With all of the efficiency that can be expected from an event held on the Caribbean coast, the IV Congreso internacional de la Lengua Espanola spluttered into action on Monday in the Colombian jewel of Cartagena la Heroica.
The rallying call from academics and the Spanish speaking literati this week has been one for better schools and greater impetus on eradicating illiteracy in the Hispanic world. As Spanish writer Antonio Munoz Molina said: “The enemy of the Spanish language is not English, but poverty.”
Participants and guests gathered here in homage to Gabriel Garcia Marquez who even spoke emotionally, in a speech laden with charming anecdotes regarding his years of poverty prior to writing 100 Years of Solitude, to a rapt audience. His speech was frequently interrupted by cheers and raucous ovations and later by the late entry of former US President Bill Clinton who later said: “Not everything in life has to be power, politics and money.” The former President then stated that he was here to honour the 80th birthday of Gabriel Garcia Marquez, “his personal friend”.

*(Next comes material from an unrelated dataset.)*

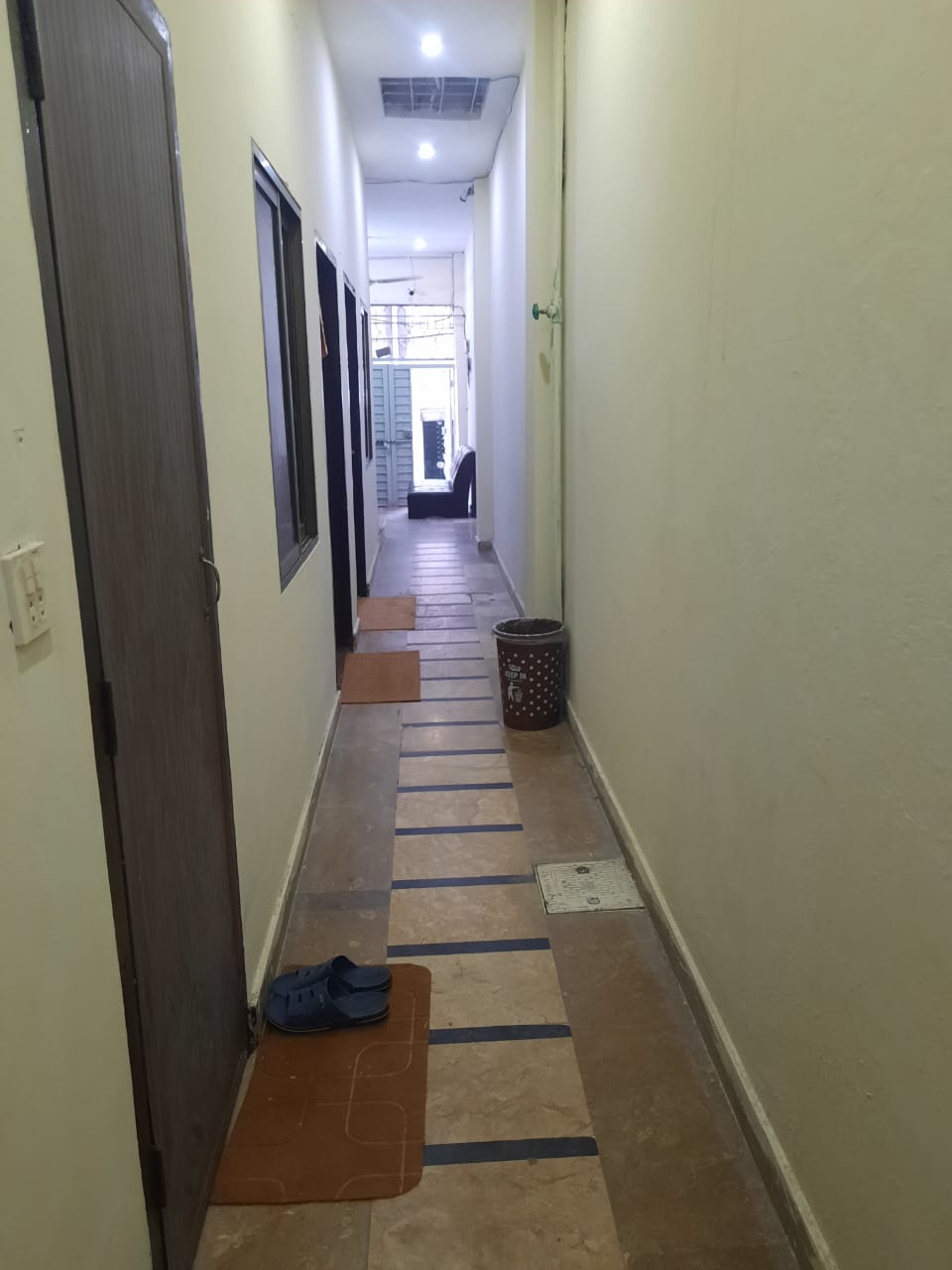 Clean Tiled Common Hallway at The Second Home Boys Hostel Lahore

A very special moment recalled in the homage by Mexican writer Carlos Fuentes who remembered fondly the day he was introduced to Gabriel Garcia Marquez by Colombian writer Alvaro Mutis.
“Today begins the next 100 years of Gabriel Garcia Marquez. Today is the first day for the next reader of 100 Years of Solitude,” closed the Mexican writer.

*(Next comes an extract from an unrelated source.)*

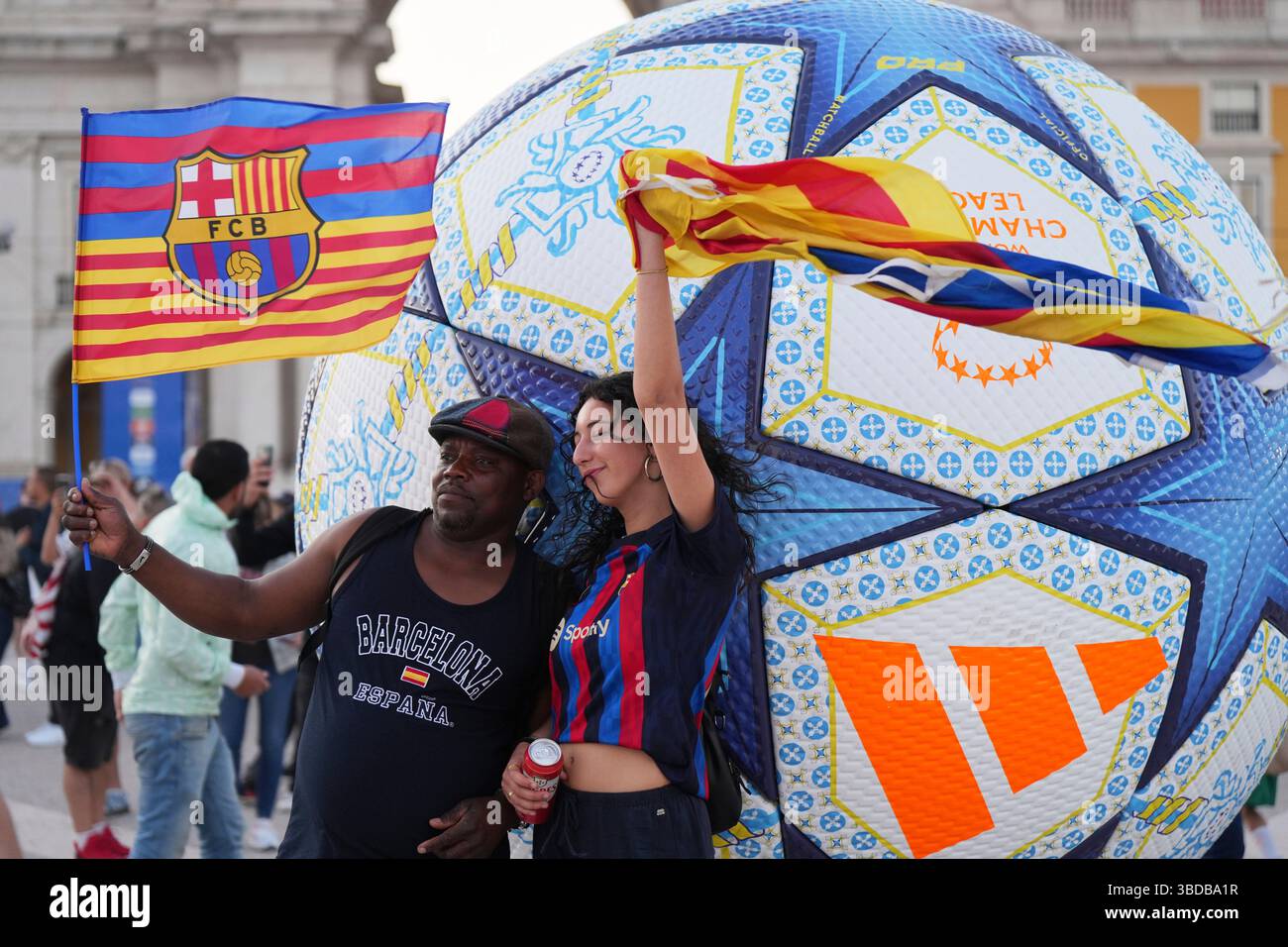 Barcelona fans pose with flags at Lisbon's riverside Comercio square ...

In Gabriel Garcia Marquez’s speech to the Congress, the 1982 Nobel Prize Winner recounted of how, when he and his wife Mercedes, visited the Post Office in Mexico City to send the manuscript of 100 Years of Solitude to the publishing house in Argentina, so dire was their financial state that they could they only had 53 of the 82 pesos needed to send the script.

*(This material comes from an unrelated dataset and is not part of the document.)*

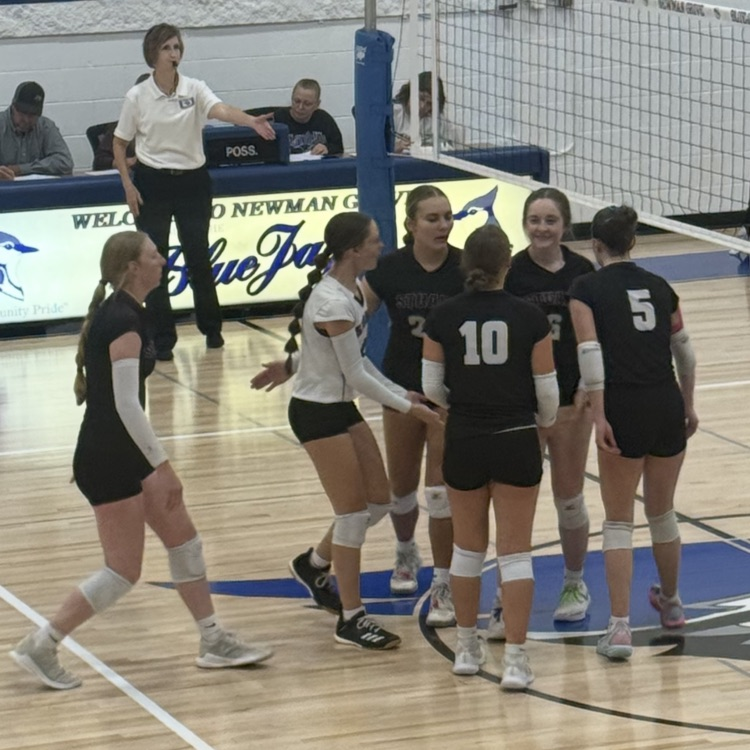 Stuart volleyball celebrates a win.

They divided the manuscript in two and sent one half to Buenos Aires only to receive notice later that they had sent the second half but there was an eager editor in the southern Capital city desperate to know how the story began!
The event, possibly the most important cultural event for the Spanish speaking world to be held in Colombia, was attended also by Colombian President Alvaro Uribe, former President Andres Pastrana, Panamanian President, Martin Torrijos, Spanish royalty and another former Colombian President, Belisario Betancur, also the Honorary President for the IV Congreso de la Lengua Espanola.
Betancur quipped and joked about 10 words he hoped to include in the new Spanish dictionary, one of which was, “Lunpereza”, literally translated as LazyMonday – the lethargy that a Monday brings.
The bookshops of Cartagena have been stacked with thousands of the new edition of 100 Years of Solitude and these copies were not to be sold until midday on Monday after Gabo had addressed the Congress and himself been presented with a special edition.
All week to commemorate the Congress, Cartagena is emphasising the arts. Live music rings through the colonial masterpiece streets, street performers man the plazas and everywhere the barrios ring with conversations of Gabo, Colombia’s most famous living son.